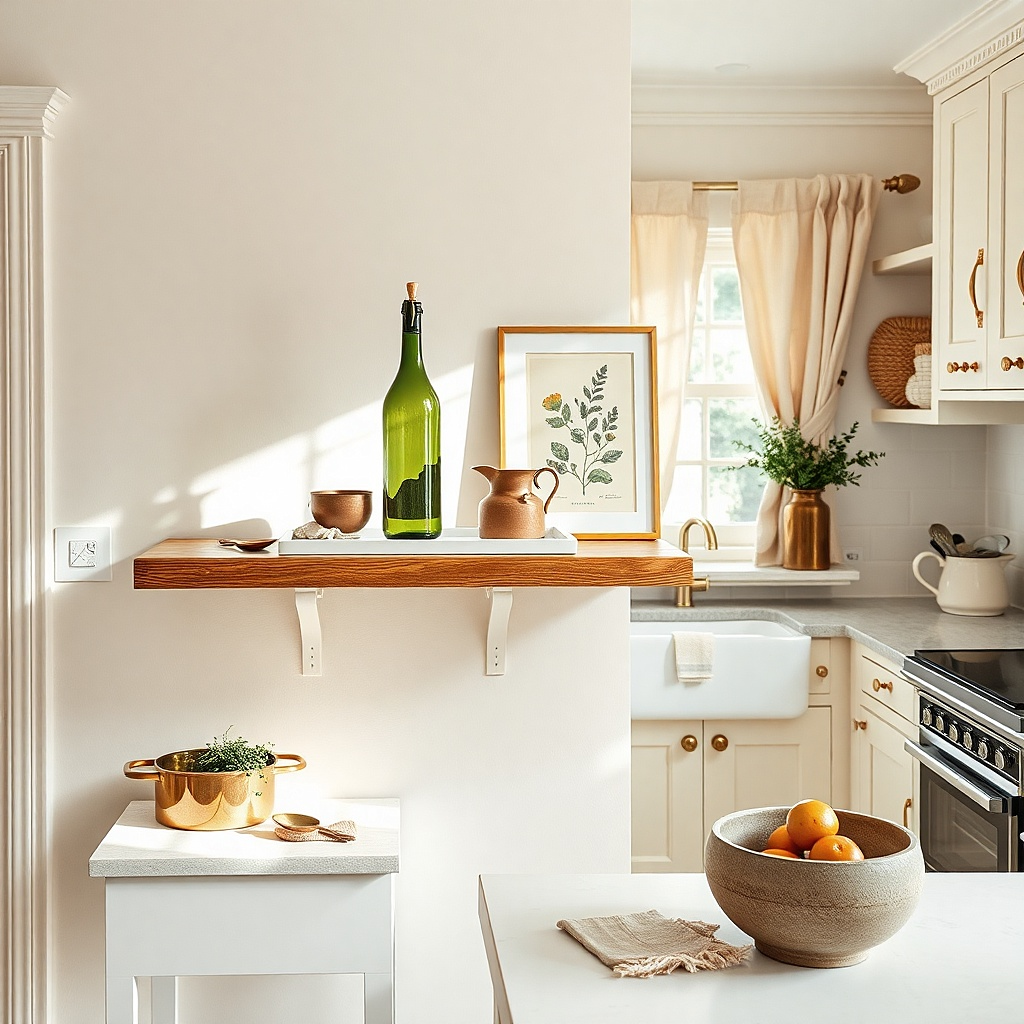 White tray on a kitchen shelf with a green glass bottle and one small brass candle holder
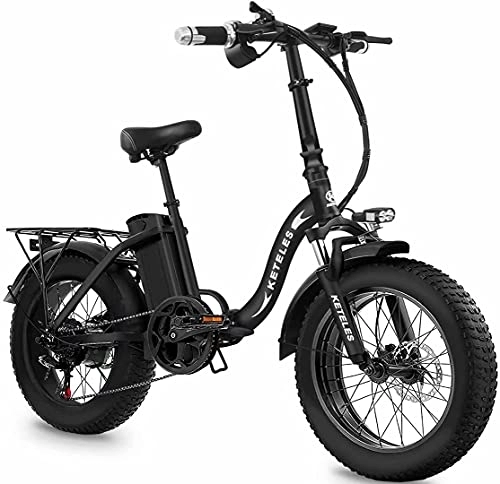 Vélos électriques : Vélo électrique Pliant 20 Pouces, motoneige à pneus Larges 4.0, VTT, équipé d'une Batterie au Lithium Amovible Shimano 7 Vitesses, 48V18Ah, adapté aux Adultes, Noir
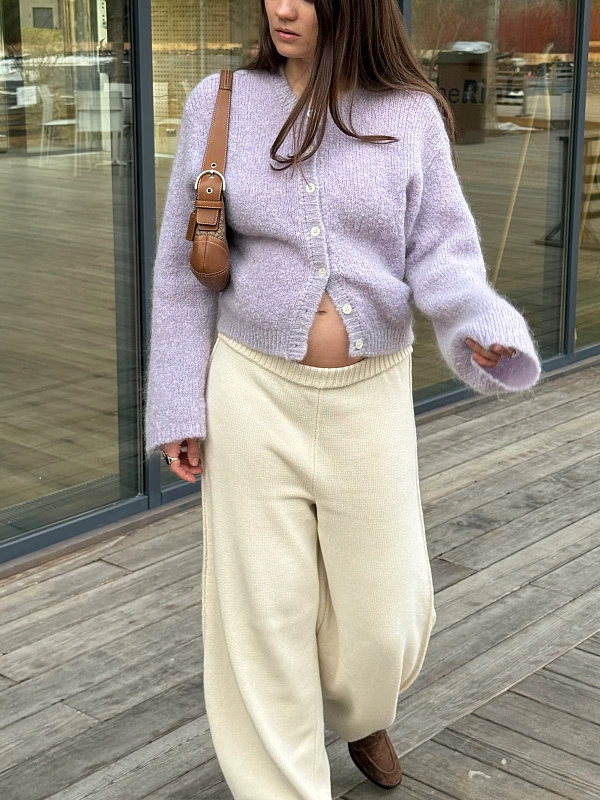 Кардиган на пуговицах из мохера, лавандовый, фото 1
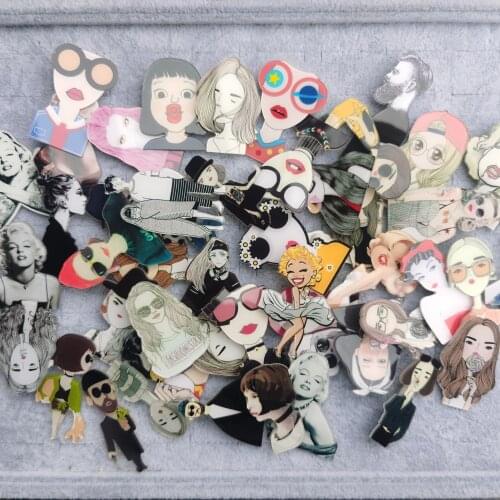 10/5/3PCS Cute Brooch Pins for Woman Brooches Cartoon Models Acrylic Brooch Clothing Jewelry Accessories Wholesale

» The task: Output the data above exactly, beginning at its first line and ending with the line that holds "Vélos électriques : Vélo". Leave out the pictures and add nothing.

» Answer section:
 White tray on a kitchen shelf with a green glass bottle and one small brass candle holder
 Vélos électriques : Vélo électrique Pliant 20 Pouces, motoneige à pneus Larges 4.0, VTT, équipé d'une Batterie au Lithium Amovible Shimano 7 Vitesses, 48V18Ah, adapté aux Adultes, Noir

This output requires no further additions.